Kijk....een typisch geval van ( goedkoop is duurkoop ) ( voor een duppie op de eerste rij )( onderste uit de kan willen ) En ga zo maar door.

Meeste bedrijven hebben ook altijd een mogelijkheid om onder rembours te betalen, is voor de ontvanger en verzender toch allebij een zekerheid dat zowel de spullen als het geld komt.

Meestal hebben de leveranciers weer afspraken met de fabrikanten of toeleveranciers dat als er iets niet betaald wordt en dus retour komt het ook weer gewoon bij hun geretourneerd kan worden.

Daarnaast is het inderdaad verstandiger als het om grotere bedragen gaat om die zelf af te leveren en de spullen mee retour te nemen.

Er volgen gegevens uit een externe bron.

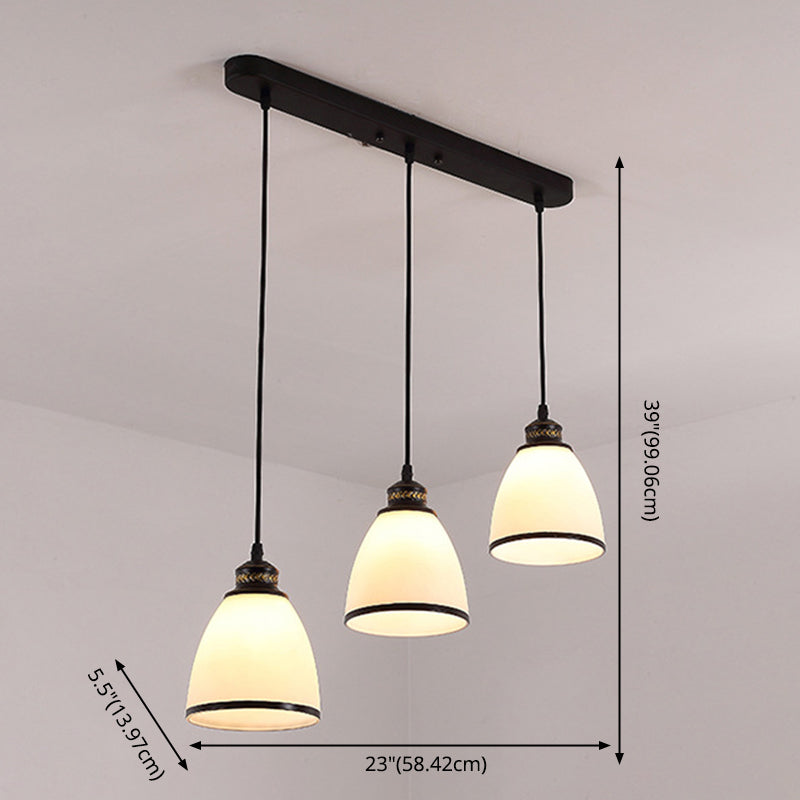 Lumière pendante noire à 3 légers en dôme en fer forgé moderne lampe suspendue avec une teinte en verre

Meestal scheelt het inderdaad bakken met geld in het buitenland, maar bedenk dan ook dat het verhaal garantie al 1 van de weinige problemen is, dan komt punt 2 de import die dus officieel gemeld zou moeten worden, waardoor een product net zo duur wordt als bij een nederlandse leverancier !

Verders had je met MSL 3 toppen van meijer sound navraag kunnen doen middels een serienr. die gekoppelt is aan een eigenaar bij de fabrikant die jouw dan best de gegevens verstrekt omdat ze namelijk van bijna alle produkten weten waar en bij wie die zich bevinden ( op een paar na )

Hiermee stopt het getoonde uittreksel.